(Beginning of EXTRACTED MATERIAL)

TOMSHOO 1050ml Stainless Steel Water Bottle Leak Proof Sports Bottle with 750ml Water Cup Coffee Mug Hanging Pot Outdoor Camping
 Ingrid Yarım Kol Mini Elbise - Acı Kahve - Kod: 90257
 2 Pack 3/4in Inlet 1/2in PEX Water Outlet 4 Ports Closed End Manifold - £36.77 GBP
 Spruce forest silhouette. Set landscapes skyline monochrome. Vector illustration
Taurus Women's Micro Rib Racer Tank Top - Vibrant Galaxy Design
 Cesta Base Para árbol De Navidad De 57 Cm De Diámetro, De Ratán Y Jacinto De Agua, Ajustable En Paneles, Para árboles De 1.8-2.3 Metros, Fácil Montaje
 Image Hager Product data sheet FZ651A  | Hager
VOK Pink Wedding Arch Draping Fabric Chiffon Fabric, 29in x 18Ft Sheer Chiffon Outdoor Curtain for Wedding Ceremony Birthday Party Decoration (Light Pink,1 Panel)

(End of EXTRACTED MATERIAL)

● **TASK STATEMENT**
Set down, exactly as they appear, the line holding "Image Hager Product" and every line after it until the records end.

● **EXERCISE ANSWER**
 Image Hager Product data sheet FZ651A  | Hager
VOK Pink Wedding Arch Draping Fabric Chiffon Fabric, 29in x 18Ft Sheer Chiffon Outdoor Curtain for Wedding Ceremony Birthday Party Decoration (Light Pink,1 Panel)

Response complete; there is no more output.